Continuing the connection between Joseph Campbell and Tom Robbins: the virgin birth and the wonder child. In the Hellenic adaptation of the Isis goddess, the goddess Kore, a virgin, gives birth to a Pan-like god, Aion, who has cloven hooves, wings, is wrapped in a serpent, carries a bolt of lightening and a messenger stick. He’s got it all! The meditation JC gives with the illustration is: “May I come by this god to the knowledge of my own radiant truth enclosed in the coils of my mortal life.” Wow!

I don’t know who Meister Eckhart is (JC gives his dates as 1260? – 1327?) but I like what he has to say. “When the Father begat all creatures he was begatting me; I flowed out with all creatures while remaining within the Father.” And he also says, “In my birth all things were born and I was the cause of my own self and all things…if I had not been, then God had not been either.” Good Selfish Book Club stuff there!!!

Tidbit: the rounded diamond shape is called a “mandorla” and represents the female genitals.
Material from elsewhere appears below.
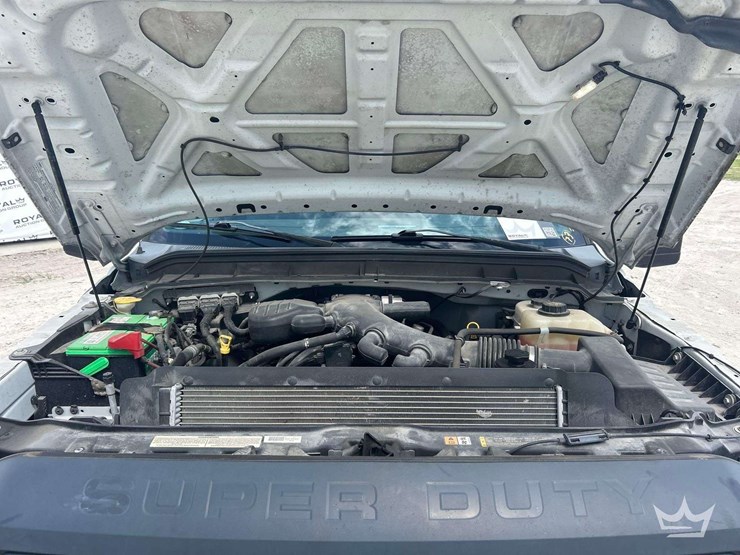 2015-ford-f550-image-10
It is shown in the Erich Neumann painting The Triumph of Venus, painted in the 14th century in Italy, which hangs in the Louvre.

Literate and Nonliterate mythologies, their similarities: As is said in Alcoholics Anonymous to help new alcoholics learn to fit in and not judge others, “look for the similarities and not the differences.” If only world religions would do the same! First Campbell looks at the World Mountain–temples and pyramids were built to mimic this view of the world as a mountain arising from the sea to the sky.
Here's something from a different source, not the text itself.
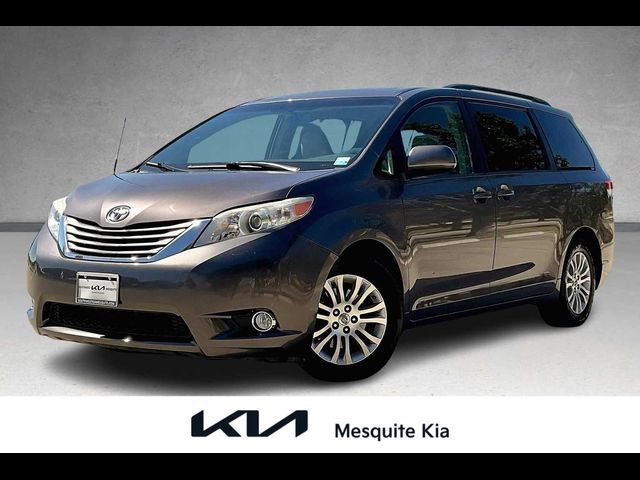 2014 Toyota Sienna XLE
I get excited by this stuff because I love to travel in Mexico, especially to the sacred sites, and have personally climbed a few pyramids/ziggurats. I wish I could include all of the info Campbell gives here, but her’s one interesting bit: ti means of and ku means god, so tiku at the end of a word means “of God”. August 1, 2017, just got past the first 100 pages. Onward!